It takes a lot to uproot oneself (and family), arrange travel via a trafficker, step onto a boat with a few possessions—and no guarantees.
They are called migrants or refugees—or both. Whichever term comes to mind, they are all people, many looking to improve their lot in life. But most, experts say, are running from instability and violence. Among them are people from Afghanistan, Iraq, Libya, Pakistan, Somalia, Syria and Yemen.
According to the United Nations, the recent wave of migrants represents the largest dislocation of people since the Second World War. The estimated number of migrants in Europe runs in the hundreds of thousands, up to over a million registered asylum seekers.
Thus, the term “migrant crisis,” which is useful shorthand, but doesn’t allow for the scale and scope of human suffering involved.
As Europe struggles to cope with the influx (via the sea from Turkey or Libya into Greece or Italy, for the most part), America is bracing for the expected spillover.

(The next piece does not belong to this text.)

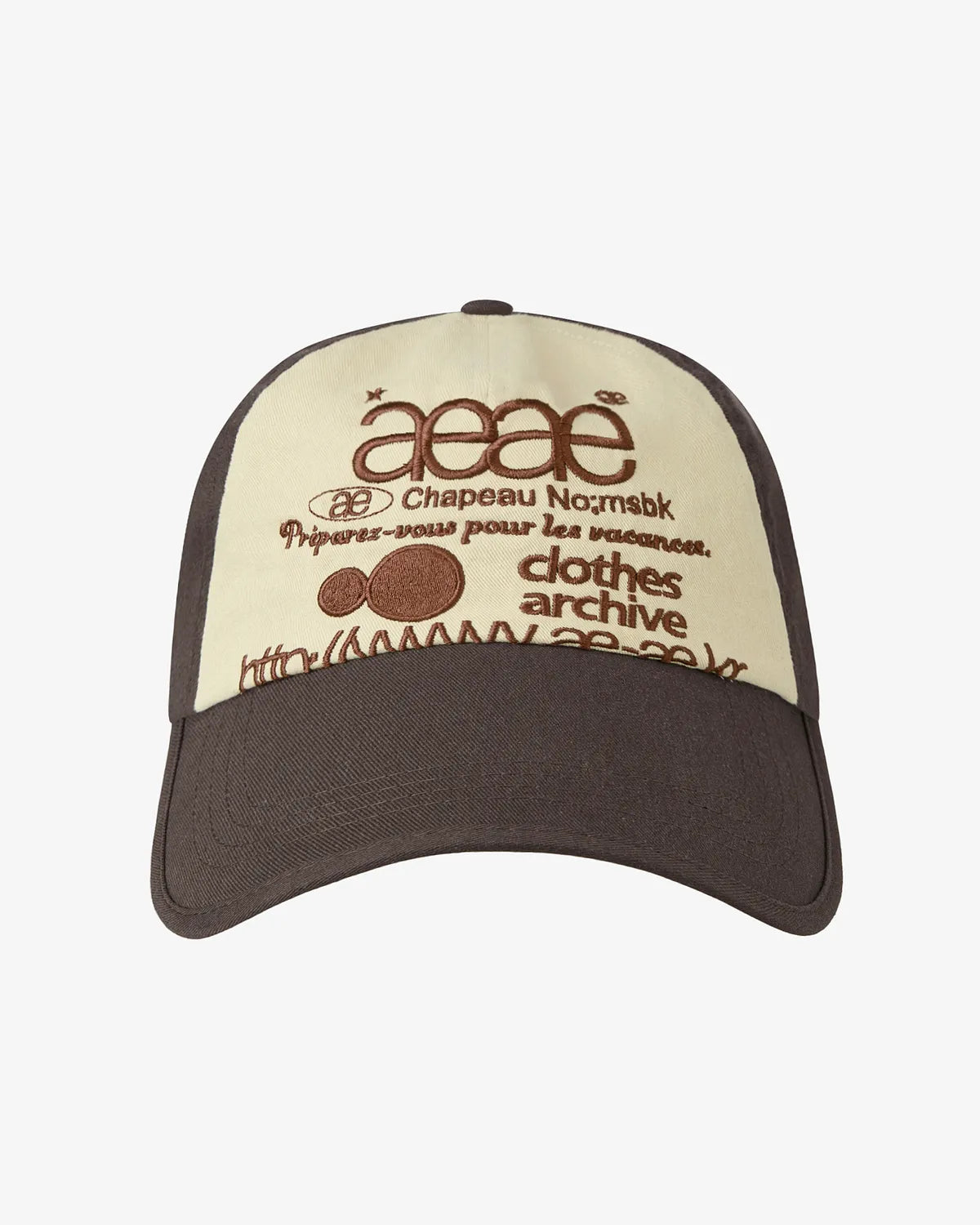 WEB LOGO 5 PANNEL BALL CAP / 6COLORS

Time to Think Bigger About the Refugee Crisis
Bono – The New York Times
Europeans have come to realize — quite painfully in the past year or two — that the mass exodus from collapsed countries like Syria is not just a Middle Eastern or African problem, it’s a European problem. It’s an American one, too. It affects us all….
…[S]ome Western governments have been cutting overseas aid to spend money instead on asylum-seekers within their borders. But it is less expensive to invest in stability than to confront instability…. Because chaos, as we know all too well, is contagious.
What we don’t want and can’t afford is to have important countries in the Sahel, the band of countries just south of the Sahara, going the same way as Syria.
If Nigeria, a country many times larger than Syria, were to fracture as a result of groups like Boko Haram, we are going to wish we had been thinking bigger before the storm.
Misery on the March: EU Mitigates Migration Crisis, but War Drives It
Pittsburgh-Post Gazette – The Editorial Board
It is also difficult to sort out the difference between refugees, truly in danger at home, and economic migrants, looking for a better life in richer Europe. The EU worked out a complicated procedure by which true refugees are accepted in EU states in return for economic migrants who are repatriated to Turkey, marked to return to their countries of origin by the Turks.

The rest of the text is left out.